Democratic leaders are hitting the Republican Party as the party of “do nothing,” criticizing Republicans for offering no viable alternative to fix the most expensive health care system in the world that leaves an estimated 45 million Americans uninsured.
In a national cable television advertisement running this month titled “The cost of doing nothing,” the DNC says families, small businesses and the economy will suffer without immediate and comprehensive health care reform.
“Republicans prefer the status quo, so we thought it important to highlight the cost of doing nothing,” said DNC spokesman Hari Sevugan said. “They’re offering nothing, and we thought that was a very important distinction to make.”
Tom Miller, a health care expert with the conservative American Enterprise Institute, calls the Democrat’s strategy “tactical desperation.”
“It suggests a position of weakness rather than strength,” he said.
Mr. Miller adds that the administration and Democrats are hoping to deflect criticism of a flawed health care plan by singling out the insurance industry because it’s an “entity that polls worse than the current congressional health legislation.”
For the Republicans part, no national television or radio campaign is planned for the coming weeks to attack the Democrats’ proposal. Instead, the Republican National Committee is hoping to capitalize on the Democrats’ waning public support by airing attack radio ads in the districts of four conservative House Democrats who support the legislation.
“Our campaign (this month) has been totally targeted,” said RNC spokeswoman Gail Gitcho. She said the ad buy cost about $1 million.
While polls show public support for the administration’s health care plan has dropped in recent months, there remains significant interest in reforming the nation’s health care system on some level.

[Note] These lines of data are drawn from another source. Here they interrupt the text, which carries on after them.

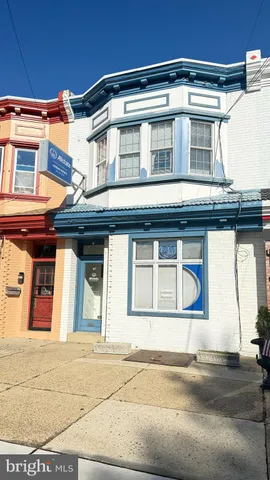 a front view of a house with a garage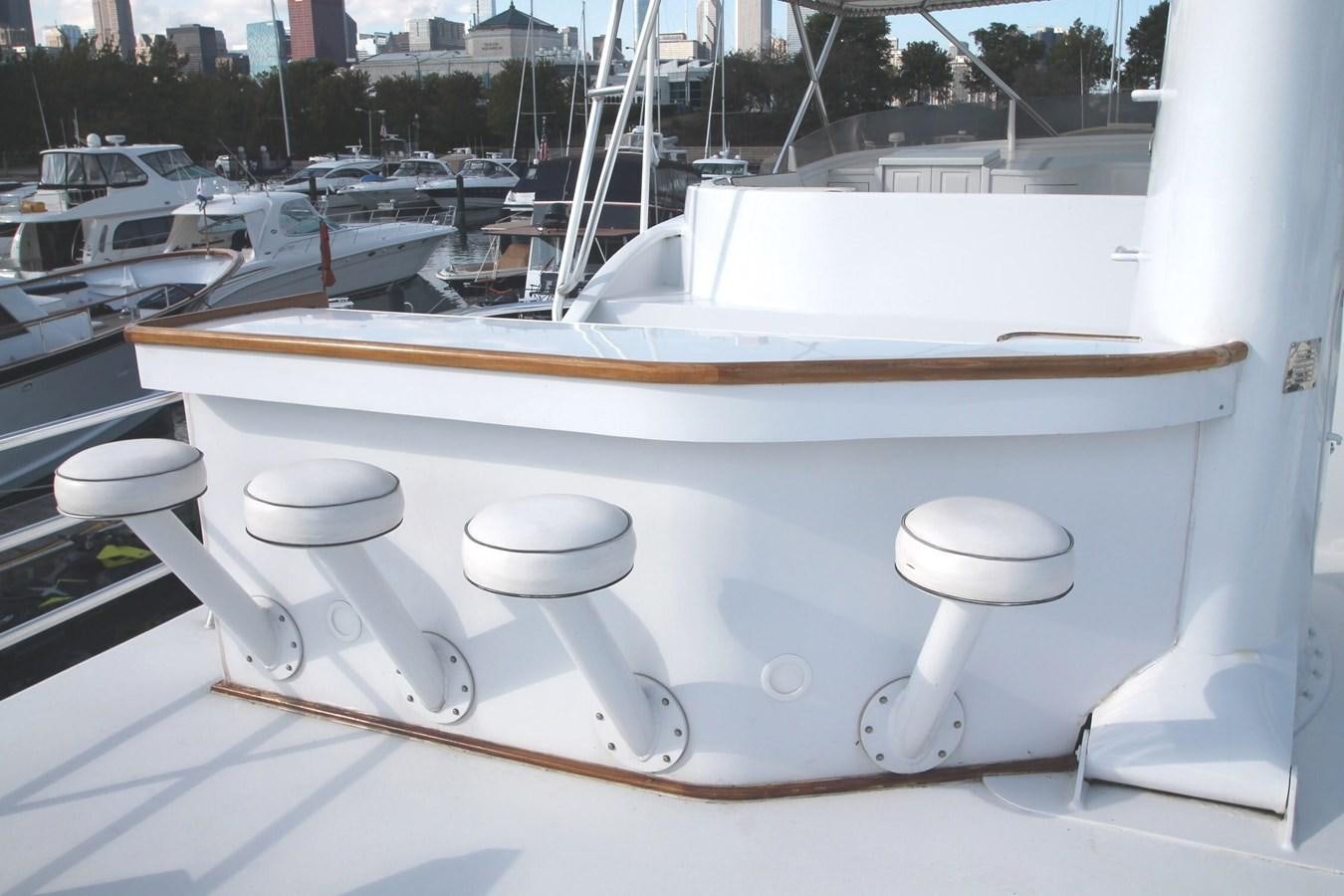 a white boat with a steering wheel aboard ENCHANTRESS Yacht for Sale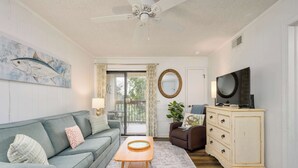 A living room with a sofa, a coffee table, a television, and a cabinet.
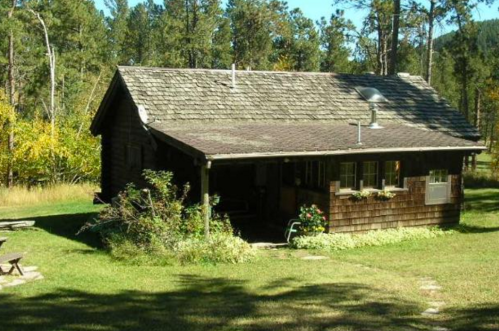 A rustic wooden cabin surrounded by trees and greenery, with a clear blue sky above.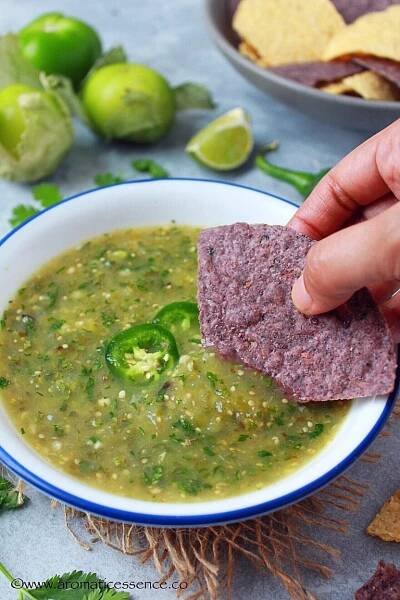 Dipping blue corn tortilla in roasted tomatillo salsa.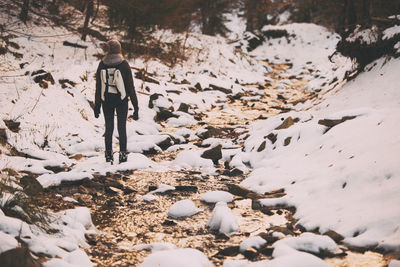 Woman at stream in forest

A Rasmussen Reports national telephone survey taken Aug. 1-2 shows that 48 percent of voters rate the U.S. health care system as good or excellent - an increase of 13 percentage points from a similar poll taken in May. A year ago, just 29 percent of likely voters rated the system in such positive terms.
The latest Rasmussen survey also shows that just 19 percent of respondents rate the nation’s health care system as poor. The poll also shows that 80 percent of those with insurance rate their own coverage as good or excellent - up from 70 percent in May.